Alternate Investments

1) We will consider alternate investments such as syndicated real estate, direct investment in private companies, private loans, and option exposure.

2) This allocation will not exceed 3% of our net worth in any one investment and not exceed 10% of our net worth.

3) This allocation will be revisited if overall net worth increases and/or various hobbies in early retirement begin producing income.

I am prohibited via my employment from making most alternate investments. The 10% limitation is an early target and will be reviewed in the future.

Part #2: Draw Down Strategy

1a) Non-Qualified Deferred Compensation Plan paid out over fifteen years.

1b) Use all but $100,000 of taxable investment accounts first. The combination of these two should provide five to ten years of living expenses depending on choices made around housing. Note: Taking a mortgage into retirement leaves us with significantly more cash, but also increases the monthly minimum expenses.

2) Utilize Roth IRA contributions. Currently there are 2.5x living expenses inside the Roth IRAs. This amount can be increased through strategically using a Roth IRA ladder. Specifically focus on converting Mr. Shirt’s IRA, as Mrs. Shirt’s IRA is the right size to utilize a 72t if needed.

3) Consider a 72t for Mrs. Shirt’s IRA. This is an ideal size IRA for a 72s with a low six figure balance, especially if the distributions start in our mid 40s.

4) Draw pension at at 55. The pension continues to pay a higher amount up until age 65, but it requires living until 75-78 to break even. There is no COLA adjustment inside the pension, so the early bias is to take the pension early, even if it is just added to the investments.

5) Charitable Contributions: We will utilize our donor advised fund whenever possible. Donations will be strategically made at times of “all-time highs” and attempt to use our most appreciated individual stock position(s).

The draw down strategies above are our initial run. We don’t entirely have our housing situation figured out and that plus any alternative investments we make will determine when we dip into #2 and #3 in our draw down strategy. I am fortunate to have worked for a company with a pension, but the pension does not have a cost of living adjustment. Its ultimate value will depend on how much inflation we experience between now and seventeen plus years from now when I can start drawing it.

I hope sharing the detailed policy statement above with comments will help you write or review your own Investment Policy Statement. I hope this policy statement serves as a great tool for me to review when I consider making a change. I can ask “Is this within the parameters of policy? If not, why?”. I hope it also reminds me to stay the course the next time the market drops by 20% or hits an all-time high. We have a 50+ year time horizon and want to make the portfolio last and thrive.

This is a work in progress and I welcome and comments/suggestions you may have.

3 Replies to “Disclosing our Investment Policy Statement”

  1. Great post! You a building an impressive blog with great information. What are your thoughts on putting money into a 401K vs ROTH 401K?

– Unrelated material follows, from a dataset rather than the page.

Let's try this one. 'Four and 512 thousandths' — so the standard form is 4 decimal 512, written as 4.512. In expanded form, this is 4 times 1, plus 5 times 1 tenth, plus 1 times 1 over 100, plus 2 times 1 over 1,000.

    1. I’m not a great personn to ask for an opinion on the Roth 401k, it only came available to me in the last couple of years. I would have considered it in my early working years, especially when my federal tax rate was below 15%, but when my marginal tax rate is above that I’m biased towards taking the deduction today.

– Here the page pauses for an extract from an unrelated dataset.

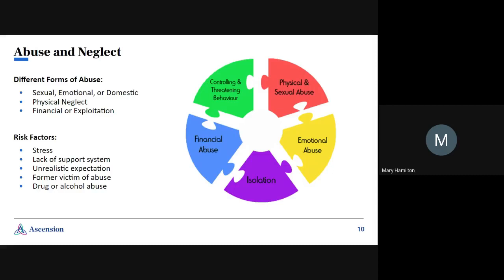How do we identify abuse and neglect? Well, if it's neglect, you might have somebody that has poor hygiene and hasn't had healthcare. If they're bedridden, they might have bed sores.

      Why? The Roth IRA ladder strategy will allow me to convert dollars out of the 401k at a low rate if we keep our total income below $100,000. Standard Deduction plus 12% tax rate goes up to around $100,000 in earned income.

      There’s also the potential for tax rates/rules to change, diversity of types of accounts is important. I like having the up-front deduction of the 401k then just contributing the maximum to the Roth.

      Thanks for reading and the nice comments

  2. Great article. There are a lot of terms here that I don’t understand that I want to look into further. I bookmarked this for later reference (in my best articles folder), even though we are a ways off. Thanks for sharing! Now I just need to start my document.